■ **Your instructions**
The lines to transcribe begin with the one containing "Valley of Koshovica" and end with the last line below; reproduce them exactly, without the pictures.

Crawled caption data
***

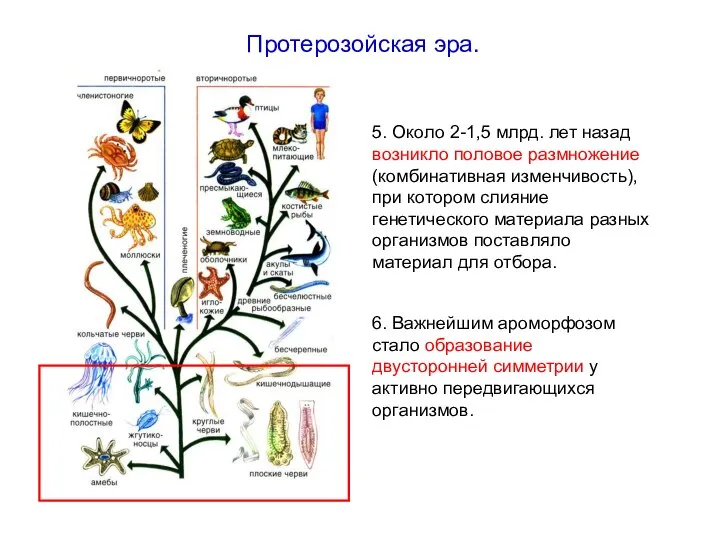 5. Около 2-1,5 млрд. лет назад возникло половое размножение (комбинативная изменчивость),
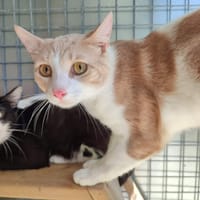 KIRI QCT, chat à adopter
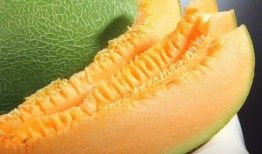 吃蜜瓜的照片,夏日甜蜜時光的定格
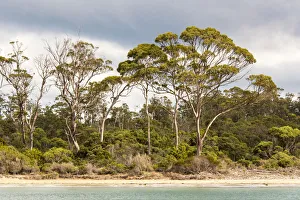 Tasman Peninsula Prints: Australia, Tasmania, Eucalyptus on beach great light Fortescue Bay Tasman Peninsula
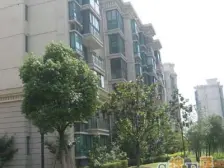 近地铁 1梯2户 满五 中间楼层,必看好房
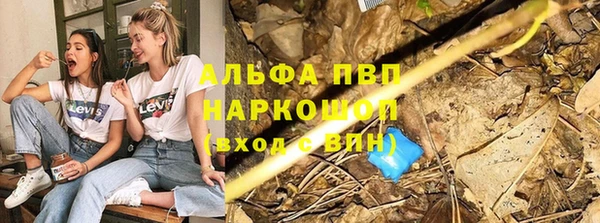 прущий лед Ельня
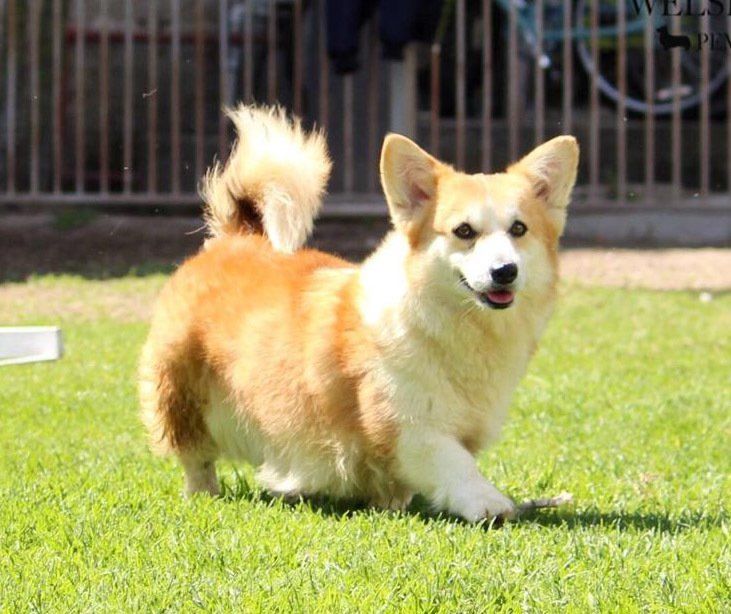 Welsh Corgi en venta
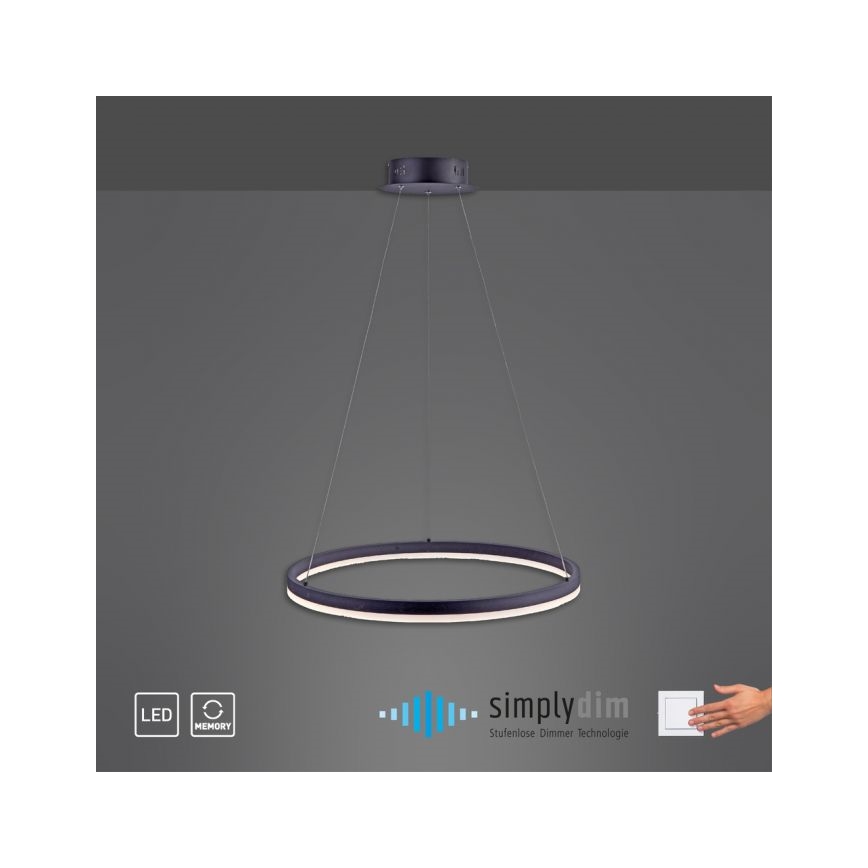 Paul Neuhaus 2382-13 - Suspension filaire à intensité variable TITUS LED/38,5W/230V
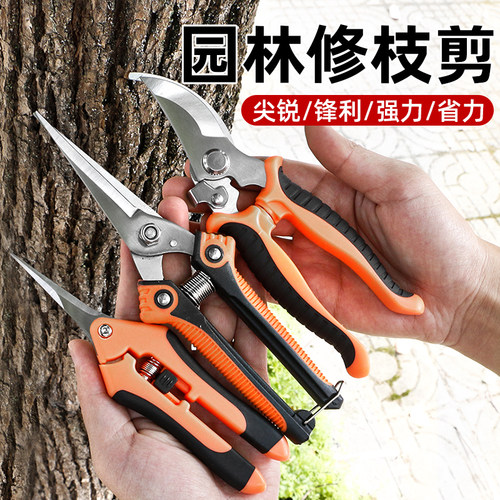 果树剪刀修枝神器修枝摘果剪花卉剪树枝绿化嫁接园艺剪不锈钢剪刀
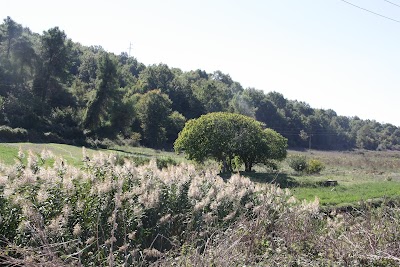 Valley of Koshovica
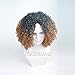 RUISENNA Afro Kinky Wig Short Curly Wigs Black and Brown Ombre WigS for balck Women 100% Heat Resistant Fiber Synthetic Wigs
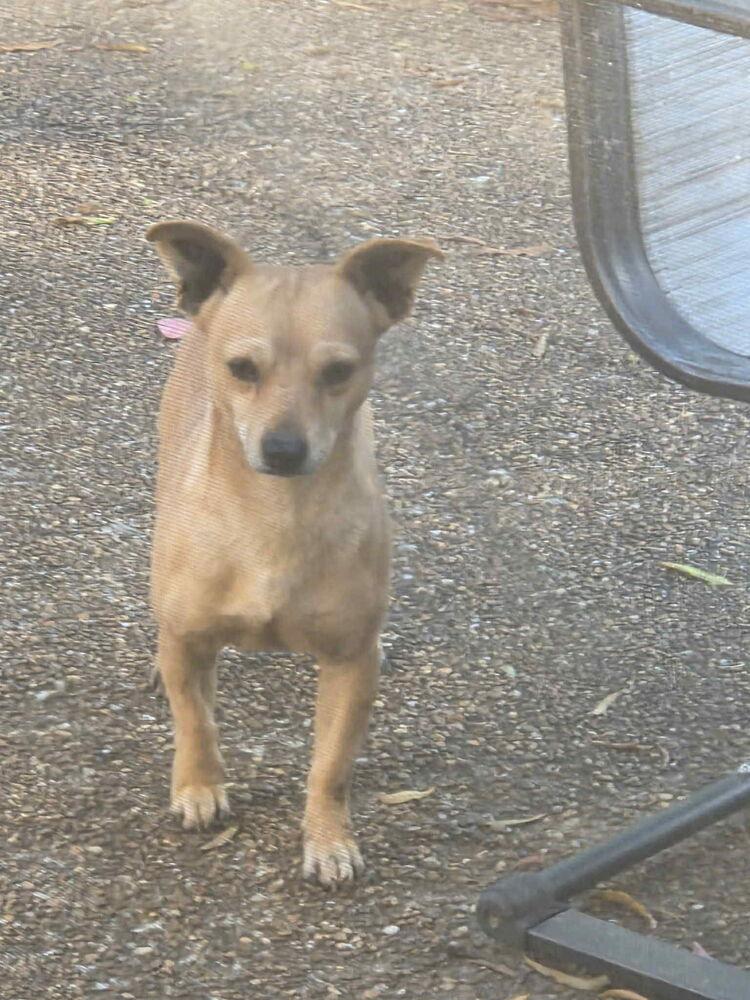 Rocco, a Adoptable mixed breed in Lancaster, PA image 4/5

***

■ **Written answer**
 Valley of Koshovica
 RUISENNA Afro Kinky Wig Short Curly Wigs Black and Brown Ombre WigS for balck Women 100% Heat Resistant Fiber Synthetic Wigs
 Rocco, a Adoptable mixed breed in Lancaster, PA image 4/5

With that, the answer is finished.